Auteur   Ronan Chérel 1 commentaire(s)

Le verdict de la cour d'Assises de la Charente-maritime est attendu dans la soirée

Abdelaziz Seridi et ses défenseurs, Me Satta et Me Moulineau|| Ronan Cherel Le juge d'instruction Serge Rey, entendu comme témoin|| Ronan Cherel Elisabeth Giraud, la mère de Jennifer Charron, et son défenseur Me Lagrave|| Ronan Cherel Le chemisier de la victime, qui avait été utilisé pour lui lier les mains|| Ronan Cherel

Abdelaziz Seridi et ses défenseurs, Me Satta et Me Moulineau
( Ronan Cherel )

Abdelaziz Seridi et ses défenseurs, Me Satta et Me Moulineau|| Ronan Cherel
Le juge d'instruction Serge Rey, entendu comme témoin|| Ronan Cherel
Elisabeth Giraud, la mère de Jennifer Charron, et son défenseur Me Lagrave|| Ronan Cherel
Le chemisier de la victime, qui avait été utilisé pour lui lier les mains|| Ronan Cherel
 

Dernière journée du procès d'Abdelaziz Seridi, accusé du meurtre de la jeune Jennifer Charron. L'avocat général devrait débuter son réquisitoire en début d'après-midi, suivi des plaidoiries des avocats des parties civiles puis de la défense, avant que le jury ne se retire pour délibérer. Retour en questions sur "l'affaire Jennifer Charron".

Dans l'hypothèse où l'un ou l'autre a bien asséné un violent coup de pierre mortel à Jennifer Charron, dans la nuit du 27 au 28 avril 2007, dans un coin reculé du bois de la Chèvre à Saint-Sulpice-de-Royan, qui d'Abdelaziz Seridi, dit Samir, ou de José Nuno Mendes Abrantes, est le meurtrier de cette jeune fille dans la fleur de l'âge ?

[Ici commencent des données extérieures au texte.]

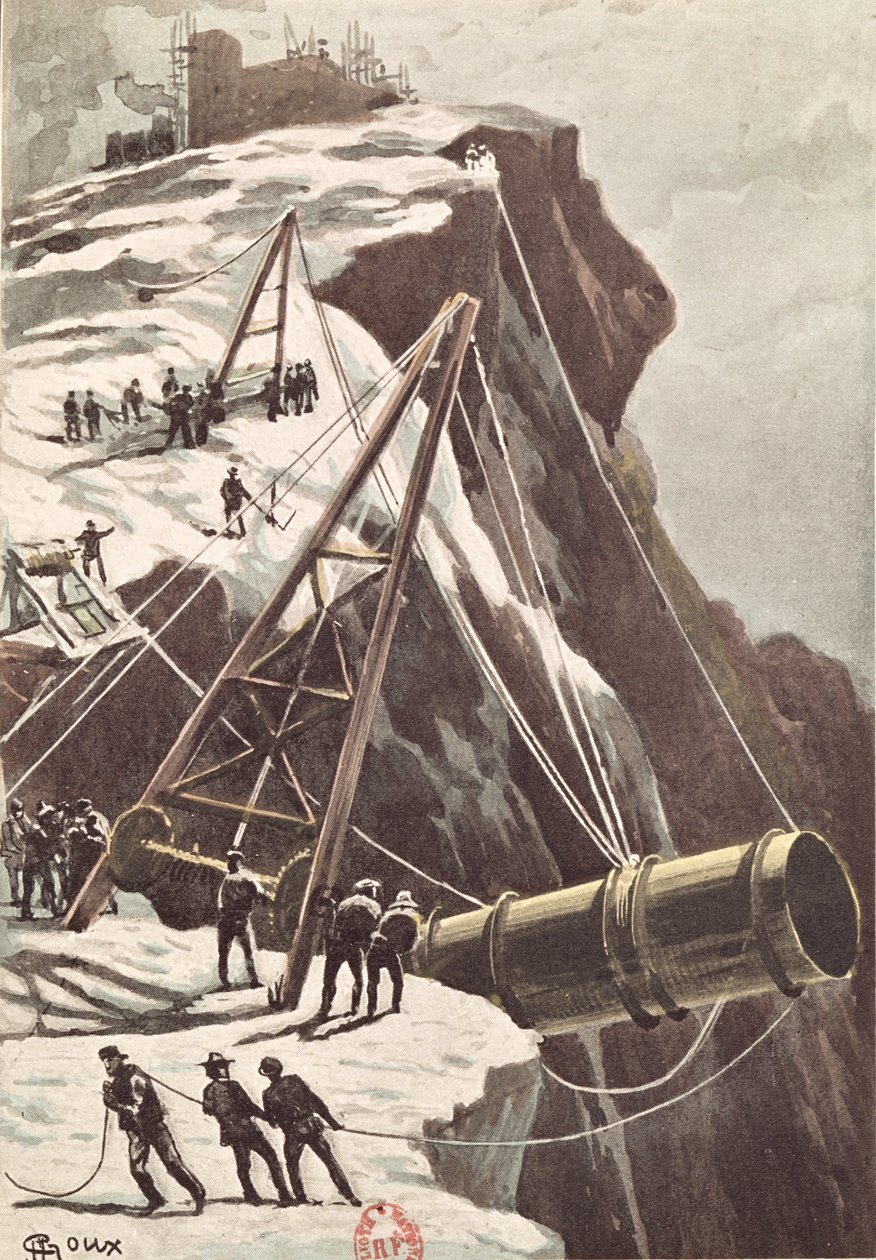 1865年に公開されたジュールヴェルヌ（1828-1905）による地球から月へのロケット発射大砲の建設 作： フランス語学校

José Nuno Mendes n'est plus là pour répondre aux lourdes accusations portées sur lui. Samir est jugé seul, depuis lundi, devant la cour d'assises de la Charente-Maritime, à Saintes. Ce soir, peut-être tard, les neuf jurés rendront leur verdict : coupable ou non coupable d'avoir "volontairement donné la mort à Jennifer Charron".

Son discours confus, ses digressions permanentes, ses souvenirs parcellaires, ses oublis ne plaident pas en faveur d'Abdelaziz Seridi. Les experts psychiatres décrivent une personnalité "fuyante, opportuniste, se jouant des règles sociales". "Une espèce de parasite urbain qui vit dans la jouissance immédiate", a dit de lui, jeudi, le juge qui a instruit l'affaire, Serge Rey. Une personnalité tortueuse ne fait pas automatiquement d'un homme le coupable d'un meurtre.

1. Existent-ils des "charges suffisantes" pour étayer la thèse de la culpabilité d'Abdelaziz Seridi ?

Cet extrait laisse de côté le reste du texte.